Urban Playground
How Child-Friendly Planning and Design Can Save Cities
Preview
Book Description
What type of cities do we want our children to grow up in? Car-dominated, noisy, polluted and devoid of nature? Or walkable, welcoming, and green? As the climate crisis and urbanisation escalate, cities urgently need to become more inclusive and sustainable. This book reveals how seeing cities through the eyes of children strengthens the case for planning and transportation policies that work for people of all ages, and for the planet. It shows how urban designers and city planners can incorporate child friendly insights and ideas into their masterplans, public spaces and streetscapes. Healthier children mean happier families, stronger communities, greener neighbourhoods, and an economy focused on the long-term.

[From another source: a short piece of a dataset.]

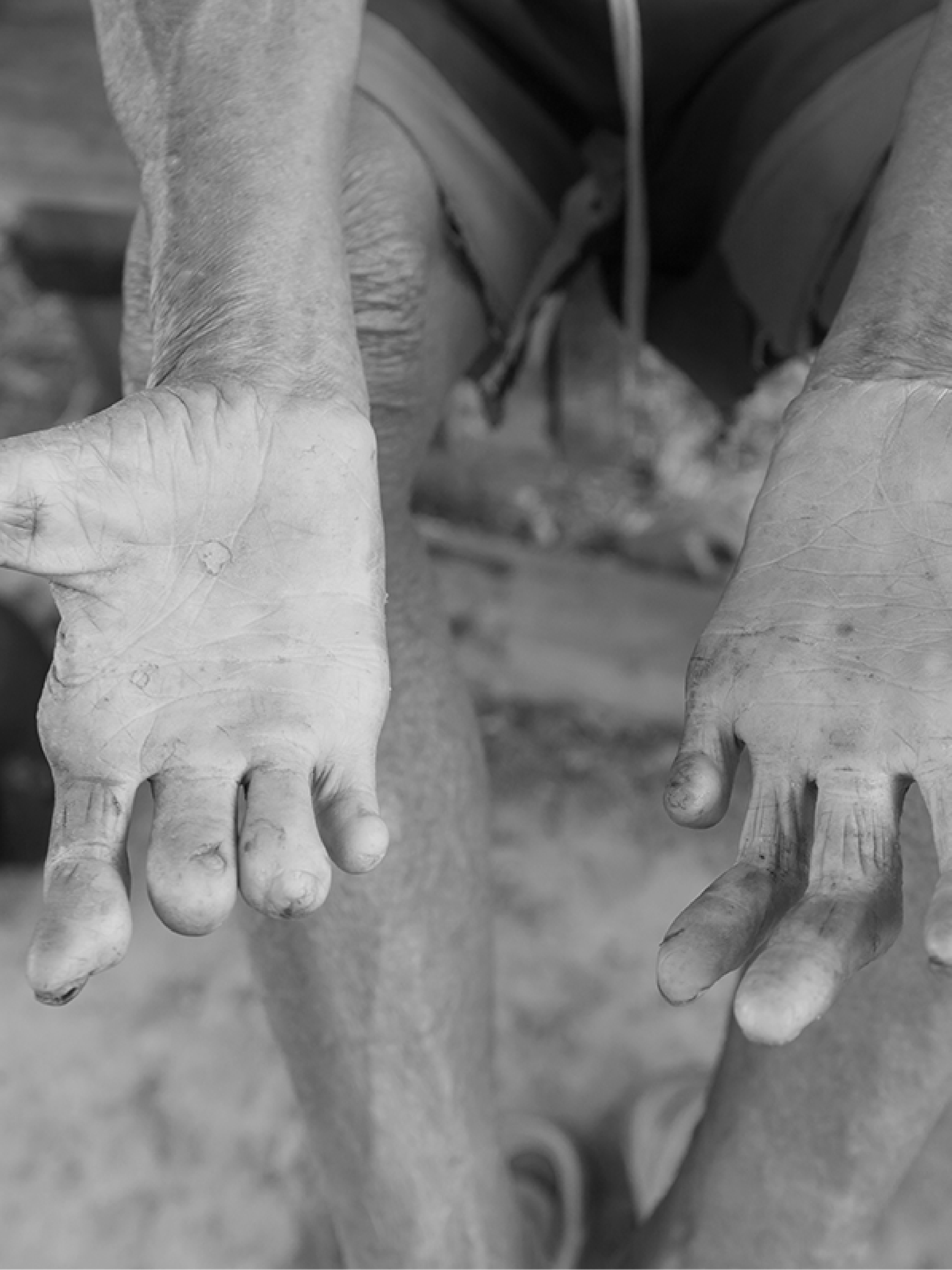 Leprosy: The Current Scenario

Make cities better for everyone.
Table of Contents
1. Urban Planning and Children 2. What is Child-Friendly Urban Planning and Why Does it Matter? 3. Transforming A Failing City 4. Child-Friendly Cities Around the World 5. Making it Happen: Principles, Building Blocks and Tools 6. What Next?
Author(s)
Biography
Tim Gill is an independent scholar and consultant based in London whose work focuses on children’s play, free time and planning. He is former director of the Children’s Play Council (now Play England) and a Built Environment Enabler for the Design Council. The New York Times described his 2007 book No Fear: Growing Up in a Risk-Averse Society as “a handbook for the movement for freer, riskier play".